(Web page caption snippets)
┌──

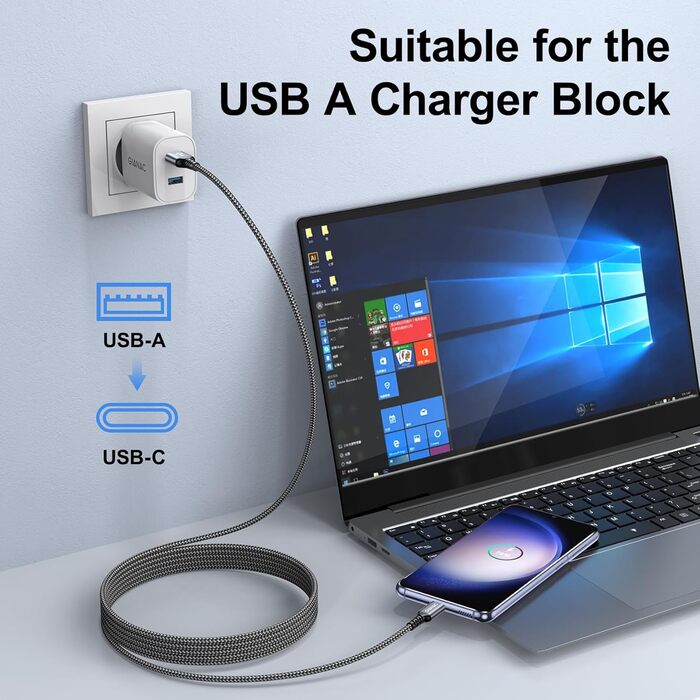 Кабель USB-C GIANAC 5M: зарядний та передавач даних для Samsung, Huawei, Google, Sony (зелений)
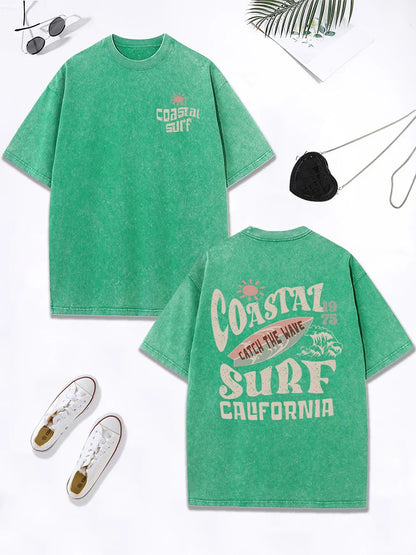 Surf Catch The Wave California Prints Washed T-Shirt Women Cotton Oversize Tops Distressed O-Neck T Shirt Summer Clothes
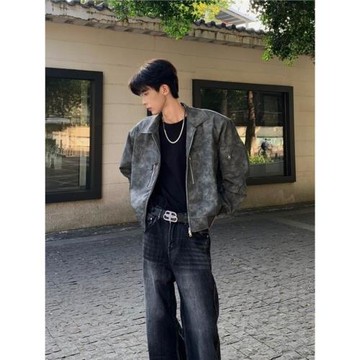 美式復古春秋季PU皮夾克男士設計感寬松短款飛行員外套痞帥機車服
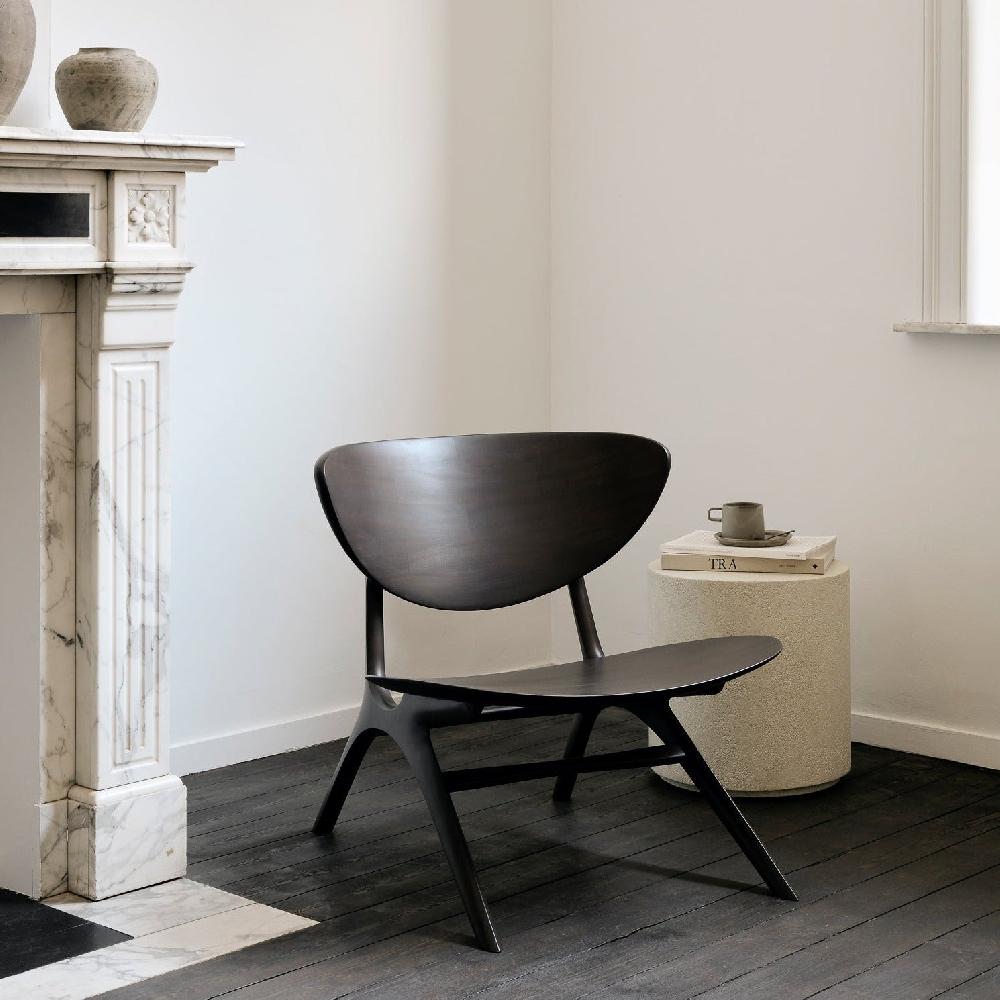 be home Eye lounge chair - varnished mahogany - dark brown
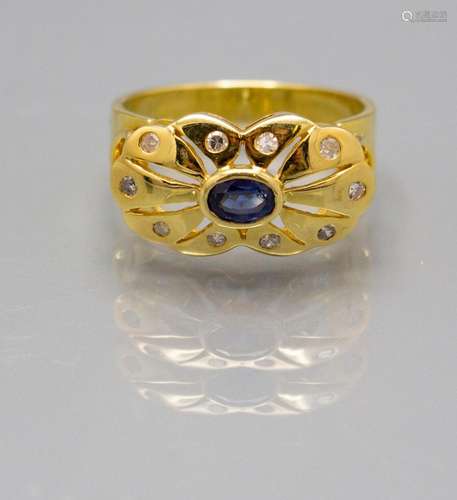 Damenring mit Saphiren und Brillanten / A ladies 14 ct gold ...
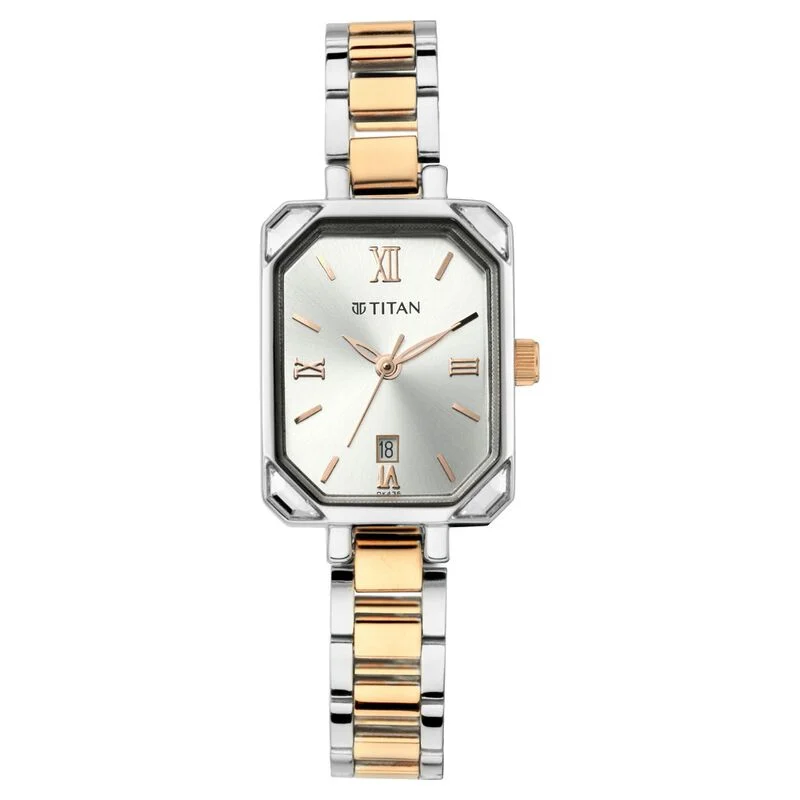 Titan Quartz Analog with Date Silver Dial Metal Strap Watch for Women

└──
┌──

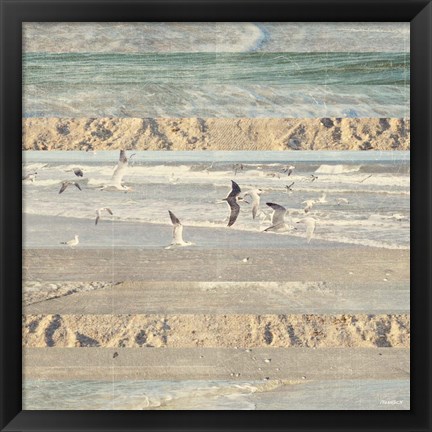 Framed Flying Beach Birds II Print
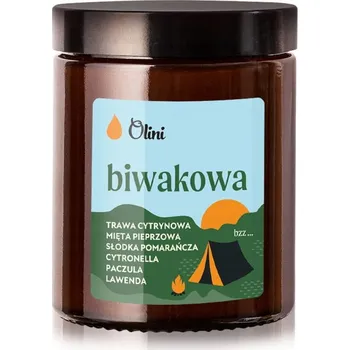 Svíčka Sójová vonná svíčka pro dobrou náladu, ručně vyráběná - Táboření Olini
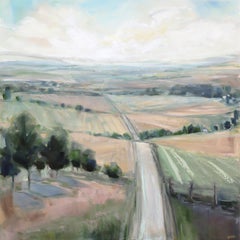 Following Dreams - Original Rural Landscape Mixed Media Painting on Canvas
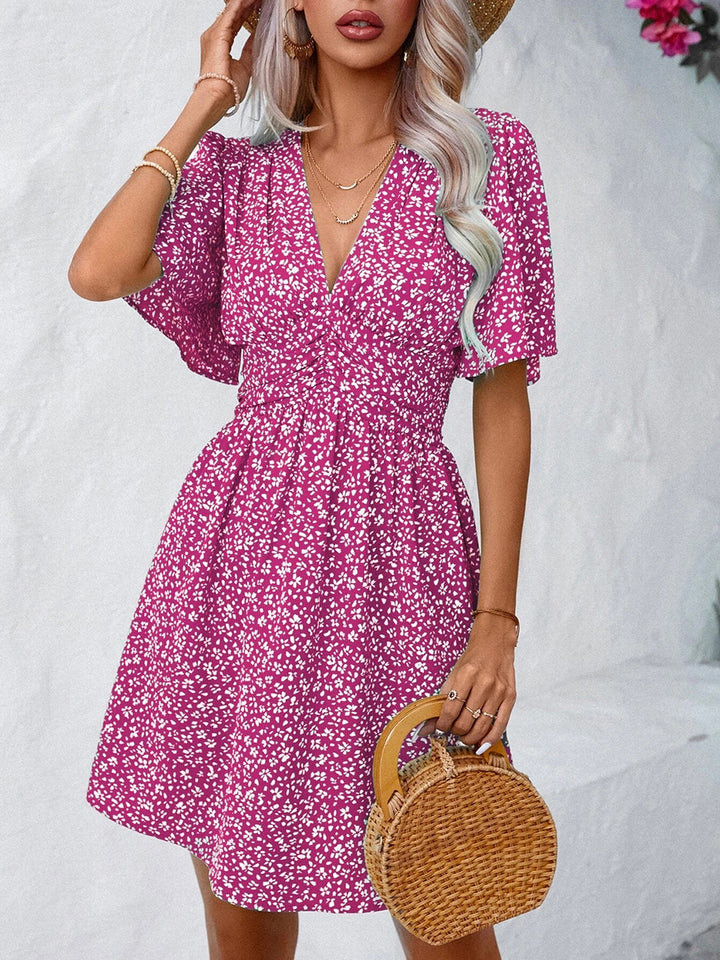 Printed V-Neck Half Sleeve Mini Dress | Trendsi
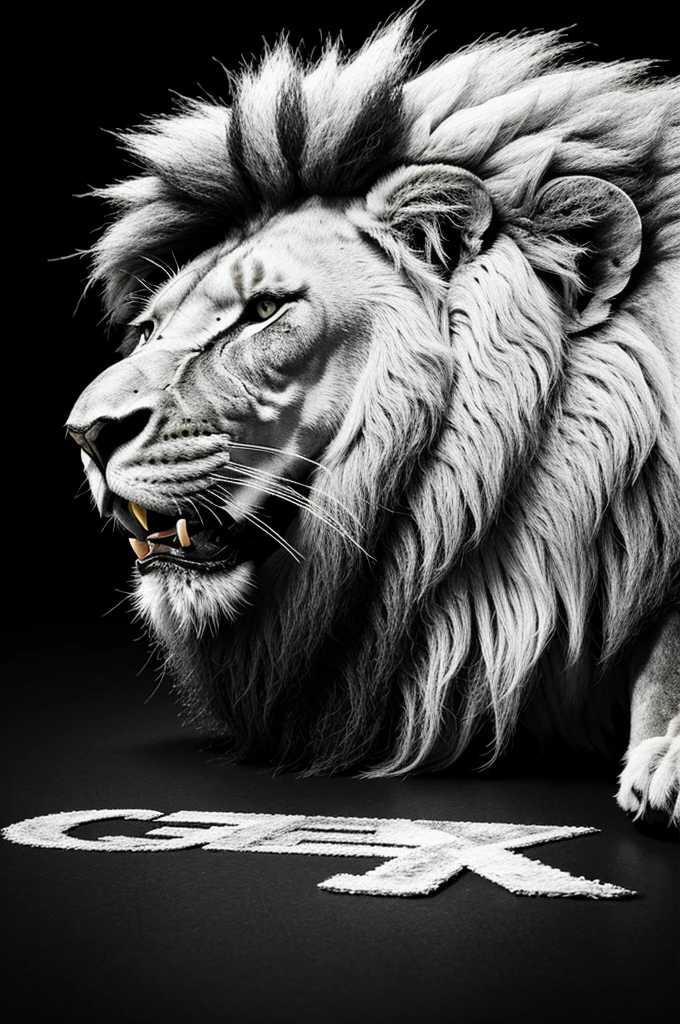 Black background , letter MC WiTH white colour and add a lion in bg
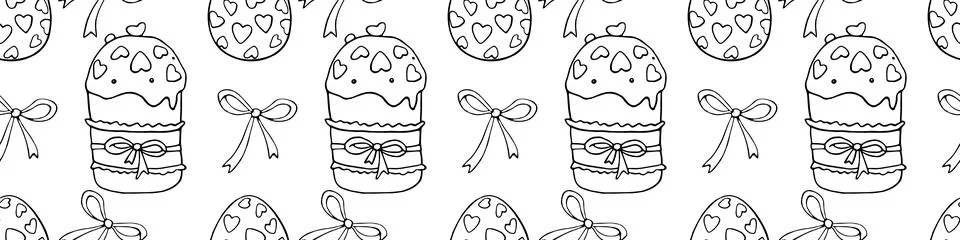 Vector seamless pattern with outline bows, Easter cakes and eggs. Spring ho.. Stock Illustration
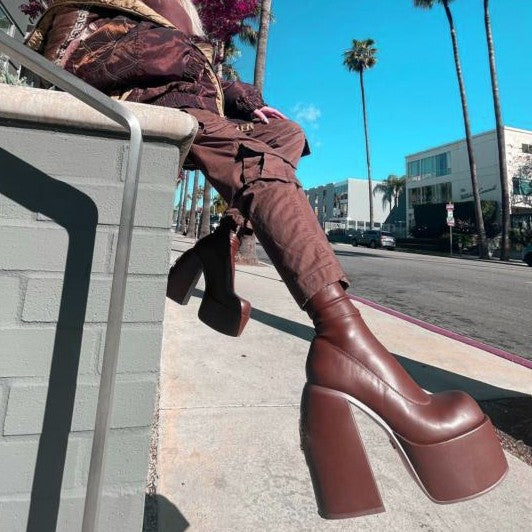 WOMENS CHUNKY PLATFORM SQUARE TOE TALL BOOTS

└──

TASK:
Above are records with pictures. Reproduce exactly only the lines from the line with "Vector seamless pattern" through the line with "WOMENS CHUNKY PLATFORM SQUARE TOE TALL BOOTS", both ends included, and leave the pictures out.

OUTPUT:
 Vector seamless pattern with outline bows, Easter cakes and eggs. Spring ho.. Stock Illustration
 WOMENS CHUNKY PLATFORM SQUARE TOE TALL BOOTS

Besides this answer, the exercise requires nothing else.